*** Block opens ***
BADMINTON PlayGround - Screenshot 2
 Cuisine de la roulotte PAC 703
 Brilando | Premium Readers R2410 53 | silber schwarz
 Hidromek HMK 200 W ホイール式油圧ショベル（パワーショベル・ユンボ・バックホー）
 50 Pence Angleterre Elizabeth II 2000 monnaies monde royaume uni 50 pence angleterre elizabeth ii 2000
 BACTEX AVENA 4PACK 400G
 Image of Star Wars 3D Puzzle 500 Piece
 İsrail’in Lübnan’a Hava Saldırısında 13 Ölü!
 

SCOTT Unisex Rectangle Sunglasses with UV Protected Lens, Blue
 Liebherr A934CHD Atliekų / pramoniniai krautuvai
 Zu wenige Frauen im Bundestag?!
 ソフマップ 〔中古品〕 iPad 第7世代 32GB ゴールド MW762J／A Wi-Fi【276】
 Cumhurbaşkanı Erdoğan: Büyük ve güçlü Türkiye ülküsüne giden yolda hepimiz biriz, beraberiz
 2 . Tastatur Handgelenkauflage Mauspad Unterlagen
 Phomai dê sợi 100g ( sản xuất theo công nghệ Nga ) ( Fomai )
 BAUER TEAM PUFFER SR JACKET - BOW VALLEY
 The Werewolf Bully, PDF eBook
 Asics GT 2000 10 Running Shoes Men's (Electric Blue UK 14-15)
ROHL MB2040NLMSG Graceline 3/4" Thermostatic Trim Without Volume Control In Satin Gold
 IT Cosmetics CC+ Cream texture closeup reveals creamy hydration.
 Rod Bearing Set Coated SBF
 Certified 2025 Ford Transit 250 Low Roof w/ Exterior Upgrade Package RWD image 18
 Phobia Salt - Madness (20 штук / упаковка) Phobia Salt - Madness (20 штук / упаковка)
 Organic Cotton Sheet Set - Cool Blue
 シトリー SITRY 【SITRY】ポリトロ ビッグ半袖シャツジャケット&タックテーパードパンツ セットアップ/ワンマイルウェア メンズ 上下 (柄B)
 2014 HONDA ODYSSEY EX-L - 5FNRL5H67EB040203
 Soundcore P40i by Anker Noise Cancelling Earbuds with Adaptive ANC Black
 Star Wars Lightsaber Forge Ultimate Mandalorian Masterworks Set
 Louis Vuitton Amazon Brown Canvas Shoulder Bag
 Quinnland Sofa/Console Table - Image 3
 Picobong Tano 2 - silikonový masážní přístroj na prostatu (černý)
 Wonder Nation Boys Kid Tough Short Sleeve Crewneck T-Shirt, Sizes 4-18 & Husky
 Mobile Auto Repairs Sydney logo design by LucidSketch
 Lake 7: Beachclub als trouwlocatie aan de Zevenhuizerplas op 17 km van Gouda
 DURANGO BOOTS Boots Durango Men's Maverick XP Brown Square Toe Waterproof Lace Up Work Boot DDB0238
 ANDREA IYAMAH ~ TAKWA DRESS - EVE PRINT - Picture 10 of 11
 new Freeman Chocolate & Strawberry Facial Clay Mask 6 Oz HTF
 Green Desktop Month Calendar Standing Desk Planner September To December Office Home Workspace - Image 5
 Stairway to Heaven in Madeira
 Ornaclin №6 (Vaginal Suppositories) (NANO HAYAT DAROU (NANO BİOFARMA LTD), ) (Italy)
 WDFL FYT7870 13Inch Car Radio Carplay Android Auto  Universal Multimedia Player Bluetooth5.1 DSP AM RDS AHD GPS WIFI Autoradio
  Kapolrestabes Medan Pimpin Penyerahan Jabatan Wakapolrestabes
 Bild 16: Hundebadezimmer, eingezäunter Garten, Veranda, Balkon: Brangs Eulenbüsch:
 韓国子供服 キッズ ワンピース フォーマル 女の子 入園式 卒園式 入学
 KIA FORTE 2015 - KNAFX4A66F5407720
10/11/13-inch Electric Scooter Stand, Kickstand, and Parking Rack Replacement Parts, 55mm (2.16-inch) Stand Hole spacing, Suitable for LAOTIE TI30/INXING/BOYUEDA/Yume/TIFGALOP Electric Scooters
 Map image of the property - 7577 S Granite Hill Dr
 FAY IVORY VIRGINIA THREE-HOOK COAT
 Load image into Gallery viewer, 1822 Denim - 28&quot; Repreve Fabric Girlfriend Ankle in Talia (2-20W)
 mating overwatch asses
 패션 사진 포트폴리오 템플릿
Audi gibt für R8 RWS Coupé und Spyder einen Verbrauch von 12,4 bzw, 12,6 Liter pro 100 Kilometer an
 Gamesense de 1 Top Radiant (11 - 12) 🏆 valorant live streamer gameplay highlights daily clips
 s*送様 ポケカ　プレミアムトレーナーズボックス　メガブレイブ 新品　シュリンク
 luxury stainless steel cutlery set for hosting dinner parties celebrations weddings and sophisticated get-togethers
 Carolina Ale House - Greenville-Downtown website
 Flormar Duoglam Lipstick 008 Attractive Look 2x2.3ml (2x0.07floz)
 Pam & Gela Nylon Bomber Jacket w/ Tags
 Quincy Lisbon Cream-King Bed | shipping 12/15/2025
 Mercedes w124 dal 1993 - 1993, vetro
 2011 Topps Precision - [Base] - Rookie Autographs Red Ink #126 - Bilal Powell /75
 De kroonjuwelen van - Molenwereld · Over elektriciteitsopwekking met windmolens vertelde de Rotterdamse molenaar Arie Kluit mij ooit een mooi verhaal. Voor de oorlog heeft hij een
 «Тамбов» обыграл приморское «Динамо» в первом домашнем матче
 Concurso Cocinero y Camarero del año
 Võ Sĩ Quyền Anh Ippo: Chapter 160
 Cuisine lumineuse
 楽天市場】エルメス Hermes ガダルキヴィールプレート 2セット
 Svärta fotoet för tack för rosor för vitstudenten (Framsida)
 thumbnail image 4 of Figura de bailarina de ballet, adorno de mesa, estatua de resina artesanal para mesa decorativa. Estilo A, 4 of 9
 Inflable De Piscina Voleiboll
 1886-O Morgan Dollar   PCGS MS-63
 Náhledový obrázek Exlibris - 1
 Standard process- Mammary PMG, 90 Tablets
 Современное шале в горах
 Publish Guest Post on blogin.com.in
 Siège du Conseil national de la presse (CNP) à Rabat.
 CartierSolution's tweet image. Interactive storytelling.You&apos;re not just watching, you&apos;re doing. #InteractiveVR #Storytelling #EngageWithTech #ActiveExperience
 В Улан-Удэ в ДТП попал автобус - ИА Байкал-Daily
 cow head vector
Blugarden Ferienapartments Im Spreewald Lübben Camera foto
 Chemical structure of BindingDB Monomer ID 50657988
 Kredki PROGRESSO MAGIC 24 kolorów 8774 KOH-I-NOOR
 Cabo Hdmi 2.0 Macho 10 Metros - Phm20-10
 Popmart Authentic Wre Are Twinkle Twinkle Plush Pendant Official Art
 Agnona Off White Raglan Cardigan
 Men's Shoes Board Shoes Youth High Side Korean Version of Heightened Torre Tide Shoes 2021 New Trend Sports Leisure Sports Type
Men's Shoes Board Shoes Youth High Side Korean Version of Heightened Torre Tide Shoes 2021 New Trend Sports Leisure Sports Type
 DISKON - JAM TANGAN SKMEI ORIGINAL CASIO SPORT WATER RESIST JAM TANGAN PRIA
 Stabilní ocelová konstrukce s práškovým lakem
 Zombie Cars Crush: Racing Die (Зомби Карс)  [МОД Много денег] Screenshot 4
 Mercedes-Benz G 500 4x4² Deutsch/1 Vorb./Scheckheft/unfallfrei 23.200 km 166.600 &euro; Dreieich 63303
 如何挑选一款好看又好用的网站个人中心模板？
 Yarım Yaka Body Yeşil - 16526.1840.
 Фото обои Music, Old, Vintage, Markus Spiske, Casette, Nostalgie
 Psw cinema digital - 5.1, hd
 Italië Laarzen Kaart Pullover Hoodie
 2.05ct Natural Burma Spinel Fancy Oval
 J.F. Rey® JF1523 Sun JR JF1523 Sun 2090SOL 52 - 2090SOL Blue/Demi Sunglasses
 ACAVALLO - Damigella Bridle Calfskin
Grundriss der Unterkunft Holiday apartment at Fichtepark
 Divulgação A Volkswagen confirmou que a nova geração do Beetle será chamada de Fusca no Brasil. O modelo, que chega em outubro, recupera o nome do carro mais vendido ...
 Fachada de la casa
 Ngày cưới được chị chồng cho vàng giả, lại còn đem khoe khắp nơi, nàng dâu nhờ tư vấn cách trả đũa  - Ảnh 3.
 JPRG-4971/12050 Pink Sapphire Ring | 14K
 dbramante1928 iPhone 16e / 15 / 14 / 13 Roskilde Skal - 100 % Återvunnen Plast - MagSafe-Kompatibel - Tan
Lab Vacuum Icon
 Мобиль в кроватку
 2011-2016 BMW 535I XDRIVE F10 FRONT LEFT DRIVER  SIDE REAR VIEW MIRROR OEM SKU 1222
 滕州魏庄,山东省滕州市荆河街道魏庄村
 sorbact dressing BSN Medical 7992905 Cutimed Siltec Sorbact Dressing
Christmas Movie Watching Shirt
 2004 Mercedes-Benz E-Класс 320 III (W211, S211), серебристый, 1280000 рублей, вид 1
*** Block closes ***
§ PROBLEM STATEMENT
Give back the records above exactly, limited to the lines between the one holding "シトリー SITRY 【SITRY】ポリトロ" and the one holding "Audi gibt für", inclusive.

§ YOUR RESPONSE
 シトリー SITRY 【SITRY】ポリトロ ビッグ半袖シャツジャケット&タックテーパードパンツ セットアップ/ワンマイルウェア メンズ 上下 (柄B)
 2014 HONDA ODYSSEY EX-L - 5FNRL5H67EB040203
 Soundcore P40i by Anker Noise Cancelling Earbuds with Adaptive ANC Black
 Star Wars Lightsaber Forge Ultimate Mandalorian Masterworks Set
 Louis Vuitton Amazon Brown Canvas Shoulder Bag
 Quinnland Sofa/Console Table - Image 3
 Picobong Tano 2 - silikonový masážní přístroj na prostatu (černý)
 Wonder Nation Boys Kid Tough Short Sleeve Crewneck T-Shirt, Sizes 4-18 & Husky
 Mobile Auto Repairs Sydney logo design by LucidSketch
 Lake 7: Beachclub als trouwlocatie aan de Zevenhuizerplas op 17 km van Gouda
 DURANGO BOOTS Boots Durango Men's Maverick XP Brown Square Toe Waterproof Lace Up Work Boot DDB0238
 ANDREA IYAMAH ~ TAKWA DRESS - EVE PRINT - Picture 10 of 11
 new Freeman Chocolate & Strawberry Facial Clay Mask 6 Oz HTF
 Green Desktop Month Calendar Standing Desk Planner September To December Office Home Workspace - Image 5
 Stairway to Heaven in Madeira
 Ornaclin №6 (Vaginal Suppositories) (NANO HAYAT DAROU (NANO BİOFARMA LTD), ) (Italy)
 WDFL FYT7870 13Inch Car Radio Carplay Android Auto  Universal Multimedia Player Bluetooth5.1 DSP AM RDS AHD GPS WIFI Autoradio
  Kapolrestabes Medan Pimpin Penyerahan Jabatan Wakapolrestabes
 Bild 16: Hundebadezimmer, eingezäunter Garten, Veranda, Balkon: Brangs Eulenbüsch:
 韓国子供服 キッズ ワンピース フォーマル 女の子 入園式 卒園式 入学
 KIA FORTE 2015 - KNAFX4A66F5407720
10/11/13-inch Electric Scooter Stand, Kickstand, and Parking Rack Replacement Parts, 55mm (2.16-inch) Stand Hole spacing, Suitable for LAOTIE TI30/INXING/BOYUEDA/Yume/TIFGALOP Electric Scooters
 Map image of the property - 7577 S Granite Hill Dr
 FAY IVORY VIRGINIA THREE-HOOK COAT
 Load image into Gallery viewer, 1822 Denim - 28&quot; Repreve Fabric Girlfriend Ankle in Talia (2-20W)
 mating overwatch asses
 패션 사진 포트폴리오 템플릿
Audi gibt für R8 RWS Coupé und Spyder einen Verbrauch von 12,4 bzw, 12,6 Liter pro 100 Kilometer an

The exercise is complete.